徒然なるままに、日々のよしなし事を・・・・・

感動という事

2010年08月27日 20時33分25秒 | 随想

今の映像伝達手段の発達した時代、映画やテレビなどを通して、数多の男優、女優、芸能人をいやというほど見せられ、また街中で一般人でも美男、美人、容姿の良い人を見ることが多々あります。あぁ綺麗だなぁ、素敵だなぁとは思っても感動とは程遠いのです。


そんな私も人生の中で、人の姿そのものに感動した経験が二度あります。ともに私が二十代前半の頃だったと思います。

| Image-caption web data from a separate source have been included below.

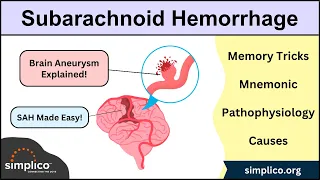 Subarachnoid Hemorrhage - Mnemonic, Causes, Pathophysiology [Brain Aneurysm] #nursing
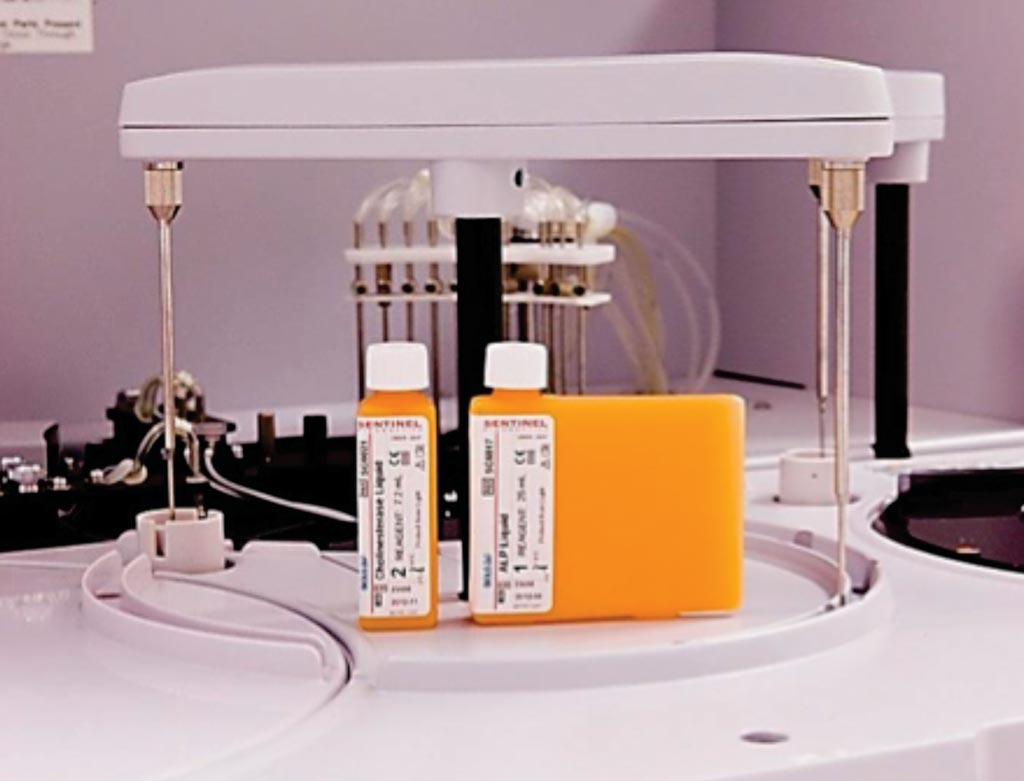 Image: An albumin immunoturbidimetric assay urine or serum plasma; standard microalbumin range is 0.4-500mg/L (Photo courtesy of Sentinel Diagnostics).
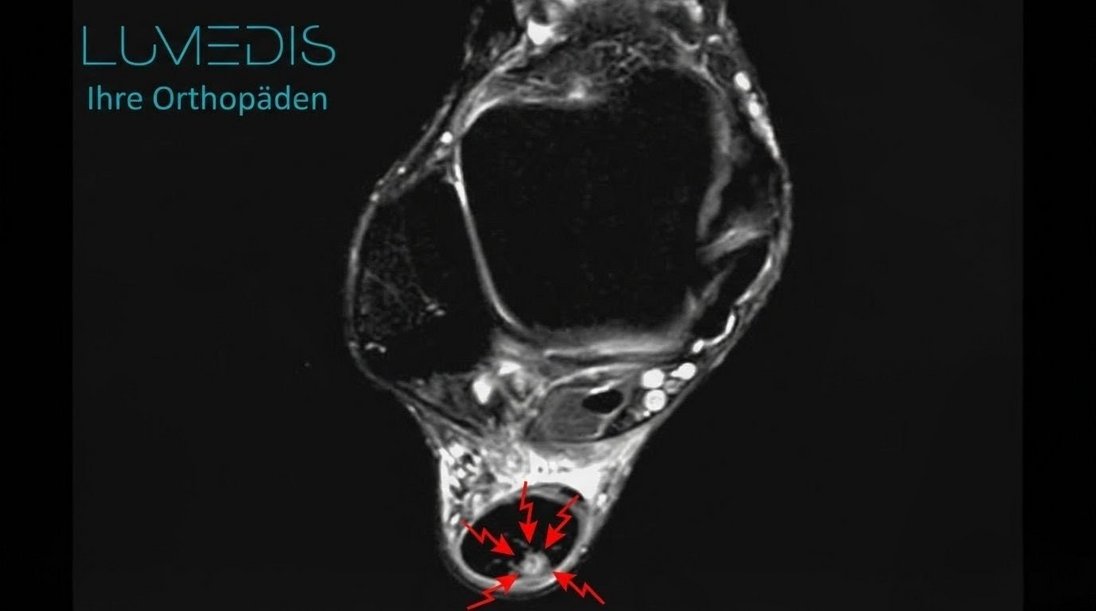 MRT einer angerissenen Achillessehne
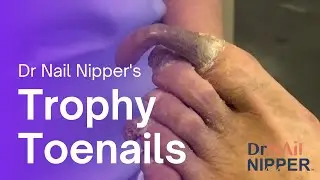 Trophy Toenails.  FEET-ure Friday (2022)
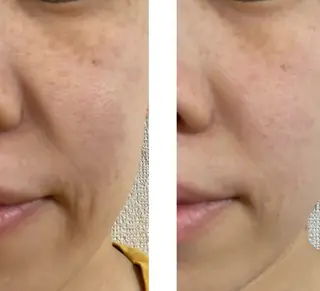 sakura room久我石原のエステ・リラクイメージ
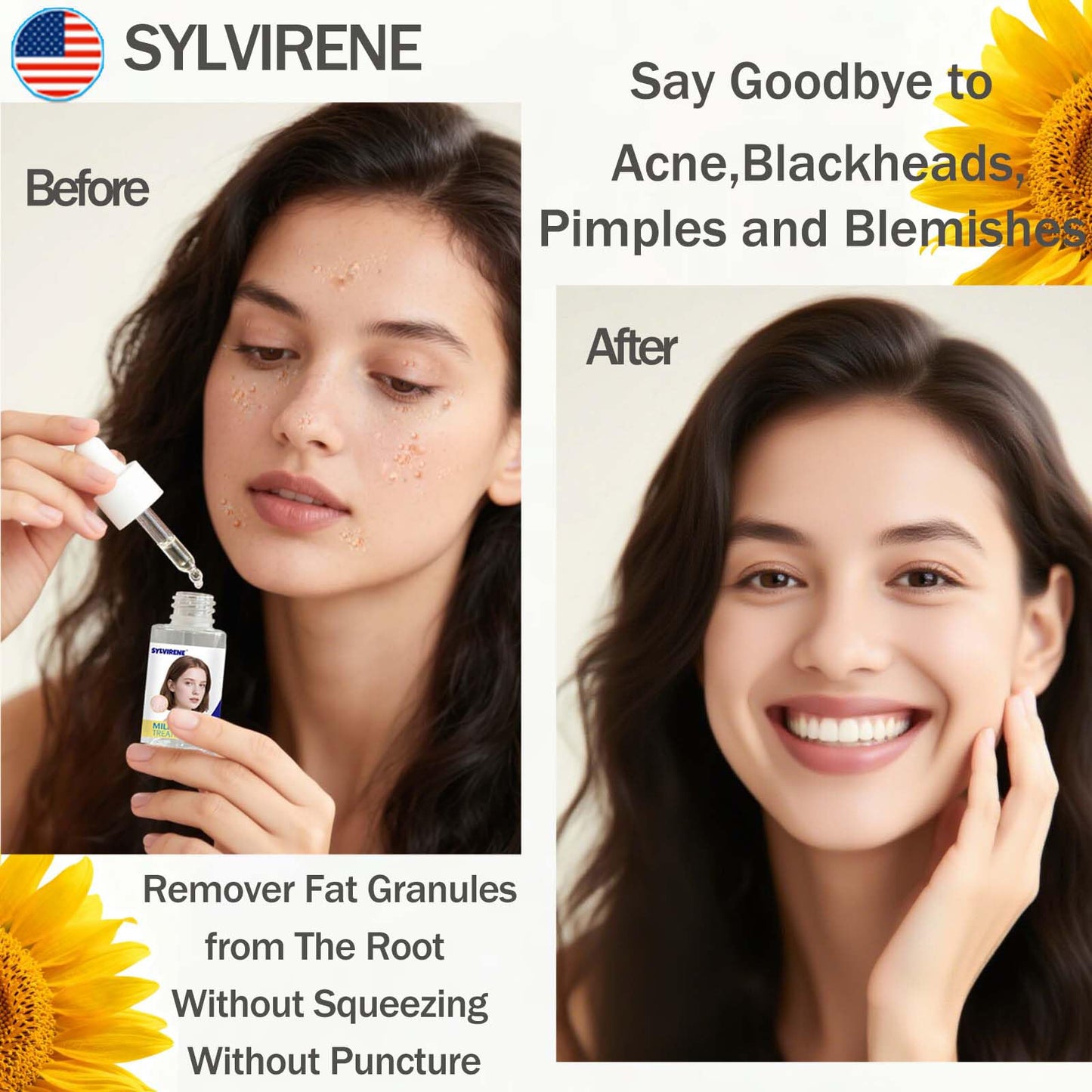 Sylvirene 40 ml Milia Remover Serum for Eyes & Face, Milia Removal Essence, Milia Spot Remover Serum for Clear Skin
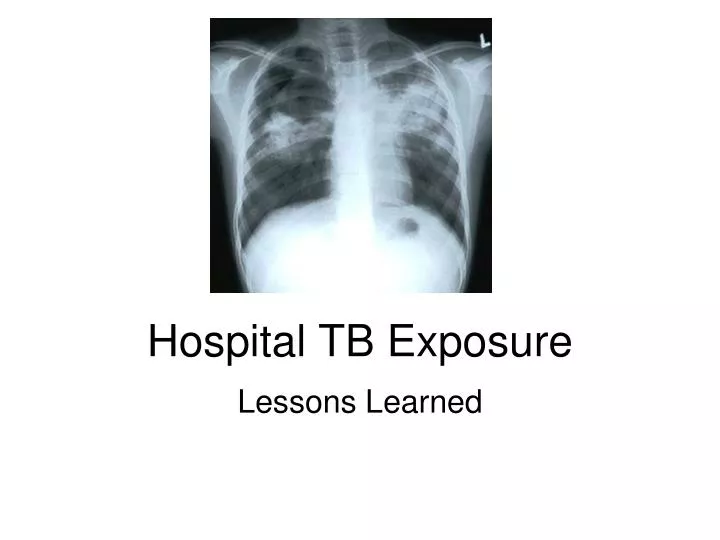 hospital tb exposure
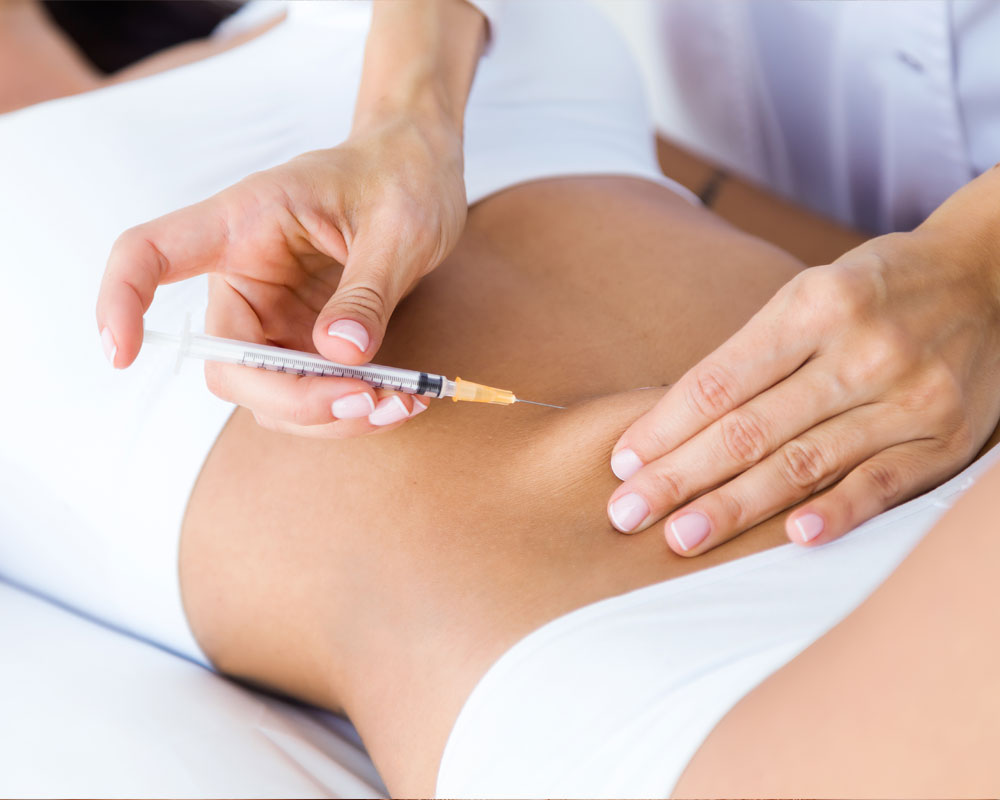 Lipoliz Mezoterapileri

一は、市内電車に乗っていて、斜め向かいに老齢に差し掛かったと思われる細面の大柄でないことだけは確かな和服姿の婦人がいました。羽織を着ていたかどうかは記憶が定かではありません。足先両膝を揃え、膝を足先より少しひねり気味に座り、膝の上に風呂敷包みをそっと置き、身体そのものは正面を向き、少し斜め前方に視線を向けていました。優雅であって強い感じがして、侍の妻はかくやあらんという感じでした。


二は、郊外電車に乗っていて、私の座っている右前方のドアの前に、座る席は空いているのに、学校に入る前くらいの幼い男の子と母親が手を繋いで立っていました。少年は大股開きではない足を開き気味に立って微動だにせず、ドアの外をじっと見つめていました。母親も同じくじっと前方を見つめていました。私とその母子と、どちらが先に降りたか記憶が定かではありませんが、降りるまでその姿勢は変わりませんでした。繋ぐ手はまるで母を守らんが如く、微動だにせぬ姿勢は目には見えぬ強い意志を感じさせました。


凛然とか毅然とかいう言葉は知っていますが、それだけでは言いようのない衝撃的な感動をその姿に覚えました。


人には目・鼻・口・手・足・といった具体的な造作物そのものとは別に、人相、表情、というものがあります。また、仕草、立居、振舞というものがあります。


教養、品格といった精神性の高さは学校で身につくものではなく、日々の生活の中で如何なる意識を以って如何なる行為を積み重ねるかで身に付くか付かぬか決まるのでしょう。その結末がおもてに現れて来るのでしょう。我々は知らず知らずのうちに人の姿の中にそれらを見ているのかもしれません。